Primary Industries Minister Nathan Guy declared a drought in five North Island regions on Wednesday.
South Auckland, Waikato including Taupo, Bay of Plenty, Coromandel and Hawke's Bay have been added to the drought declared in Northland last week.
Manawatu and Rangitikei on Wednesday afternoon became the latest to ask the Government to declare a drought in their regions.
Andrew Hoggard, Federated Farmers' provincial president for Manawatu and Rangitikei, said in many areas, conditions are now at least as bad as they were five years ago when the region was last officially in drought.
"Especially the Rangitikei.

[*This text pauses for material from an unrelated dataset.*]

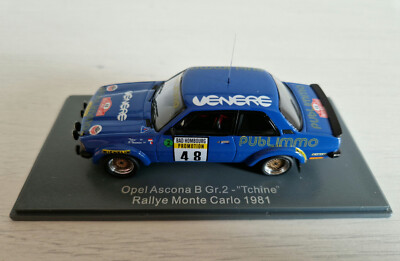 Opel Ascona B Gr.2 ''Tchine'' Rallye Monte Carlo 1981 Neo Scale Models 1:43 OVP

I'm hearing that things have got to the stage where they're as bad as they were in 2008 or worse in many cases.
"There's a similar situation in the northern Manawatu, the southern part of the province and also the Horowhenua just slightly better off - but still, it's not ideal."
Mr Hoggard said the next step is to bring rural communities together to support each other and a drought declaration would reassure farmers that it is not their lack of abilities, but a widespread problem.

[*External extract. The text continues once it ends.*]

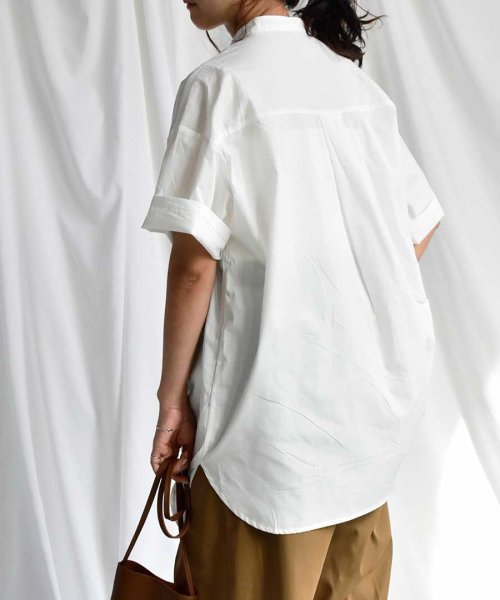 ARGO TOKYO(アルゴトウキョウ)/Pin tuck stand collar blouse 23022 ピンタックスタンドカラーブラウス　スタンドカラー　ブラウス　シャツ　ピンタックシャツ　スタ/img28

Wairarapa representatives will hold a drought meeting next week.
Stuart Anderson, a resource policy manager with the Ministry for Primary Industries, said the amount of rain in autumn would have a big impact on farmers.
"What's really critical in terms of how this drought situation unfolds is how much rain is actually received during March and April, being quite critical autumn months for growth to set farmers up for the winter."

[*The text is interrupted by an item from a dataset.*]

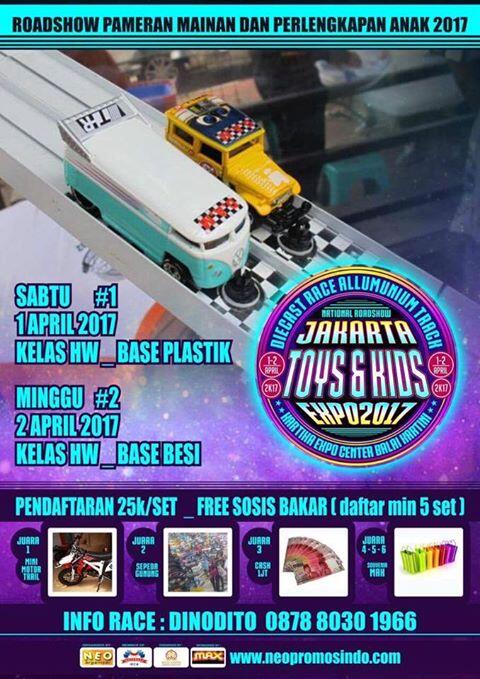 &#91;EVENT&#93; JAKARTA TOYS &amp; KIDS EXPO 1-2 APRIL 2017 BALAI KARTINI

Mr Anderson said the ministry is also closely watching other parts of the East Coast, as well as Wairarapa, Manawatu and Taranaki, which are also extremely dry.
Federated Farmers said the moisture deficit is so high in many places that even if it started raining on Wednesday night, it could be about four weeks before grass recovers enough for stock to graze on.
The National Institute for Water and Atmospheric Research is predicting very little rainfall in March.
Extra funding available
Primary Industries Minister Nathan Guy said on Wednesday the drought has been declared a medium-scale event and extra government funding will be available to Rural Support Trusts.
Rural assistance payments equivalent to the unemployment benefit are available from the Ministry of Social Development for those in extreme hardship as well as standard hardship payments.
Mr Guy said farmers should contact Inland Revenue if they need help with tax payments.
Milk prices up
Federated Farmers says a sharp rise in international milk prices will not offset the cost of dry conditions for dairy farmers.
The drought in parts of New Zealand caused a spike in global dairy prices, which rose 10% in an auction overnight on Tuesday.
But Federated Farmers Waikato president Peter Buckley does not expect the rise to translate into profits.
"A lot of the farmers will make losses. Previously before the drought, there were roughly 25 percent of the farmers as I understand that had some concerns over their finances, and with this drought I would say it would have at least doubled that."
Mr Buckley said any extra money would be swallowed up by the increasing cost of feed, while milk production would drop off sharply if there isn't significant rain in the next fortnight.